On appeal before the General Court, inter alia, the applicant claimed that the findings of the BOA relating to a risk of association were based on erroneous assumptions unrelated to the reality of the market. According to the applicant, the companies never modify their marks by adding another letter to their usual marks or initials.
Curiously, the GC interpreted this to mean that the mark applied for did not possess any characteristic capable of creating an association between the sign applied for and “any series of earlier marks”, § 43. The Court then set out two cumulative conditions that must be met to establish a likelihood of confusion: 1) it must be established that there is a series of prior registrations; (2) the mark applied for must not only be similar to the marks belonging to the series, but also have characteristics likely to associate it with the series. Since these conditions were not noted in the BOA’s decision, it is annulled.

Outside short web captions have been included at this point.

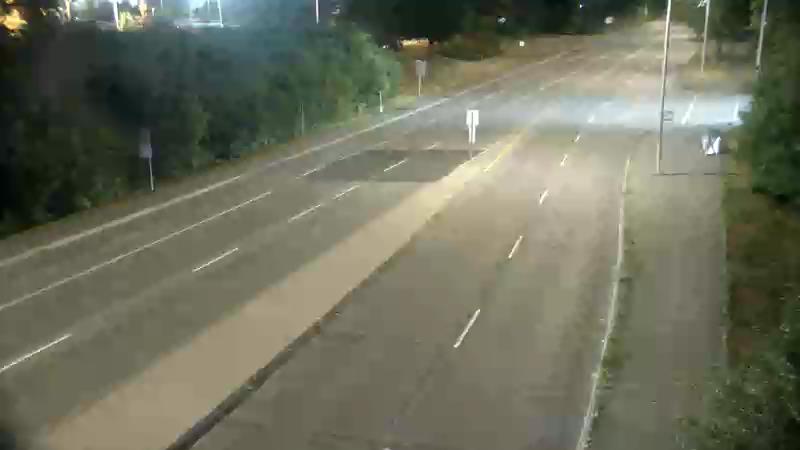 Traffic camera image at 2025-08-25 00:40:45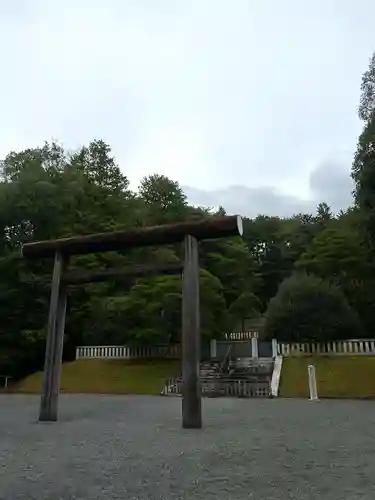 大正天皇多摩陵(東京都)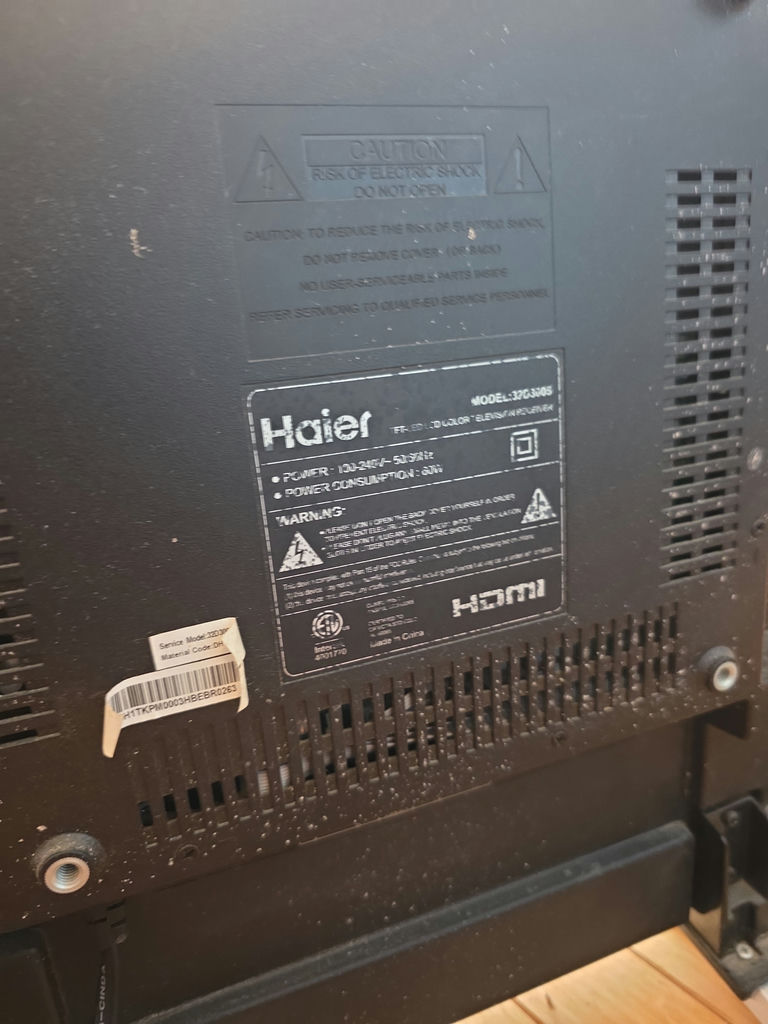 Haier flat-screen Television A - image 3 of 3
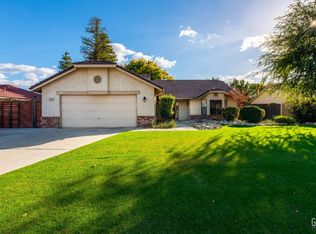 9509 Bracken Oak Way, Bakersfield, CA 93311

Not only is it unclear how the Court came to consider a “series of marks” argument, as there was no trace of it in the first and second instance decisions. More importantly, such vague language, and in particular the requirement that the probability of association requires “a series of earlier recordingsdoes not seem consistent with the notion of “association” which isnot an alternative to that of likelihood of confusion, but serves to define its scope(Sabel at §18). In other words, the risk of association does not depend on whether or not there is a “previous record series” but rather, as we all know, “on many elements and, in particular, on the recognition of the mark on the market, the association that can be made with the sign used or registered, the degree of similarity between the mark and the sign and between the goods or services identified(cf. Sabel §22), ie all factors relevant to the circumstances of the case.
Admittedly, where an opposition is based on a ‘series’ (or ‘family’) of marks, a likelihood of confusion may be created by the possibility of association between the mark applied for and the earlier marks forming part of the series, for example when “consumer may be mistaken as to the provenance or origin of the goods or services covered by the mark applied for and may wrongly consider that the latter mark is part of this family or series of marks” (at § 54, C‑317/10 P, UniCredito). Nevertheless, although the assessment of the likelihood of association in the case of a “series” of marks is based on different factual premises, confusion by association does not require a “series” but may very well exist regard to a single earlier mark.
Indeed, the likelihood of confusion includes not only the assumption that the consumer directly confuses the signs, but also the fact that the consumer establishes a link between the conflicting signs and presumes that the goods or services covered come from the same company or economically linked companies (this is so called “risk of indirect confusion”, cf. Sabel in §16) independently of the presence of a series of marks.
Thus begs the question: has the GC oversimplified or is it trying to create a new law?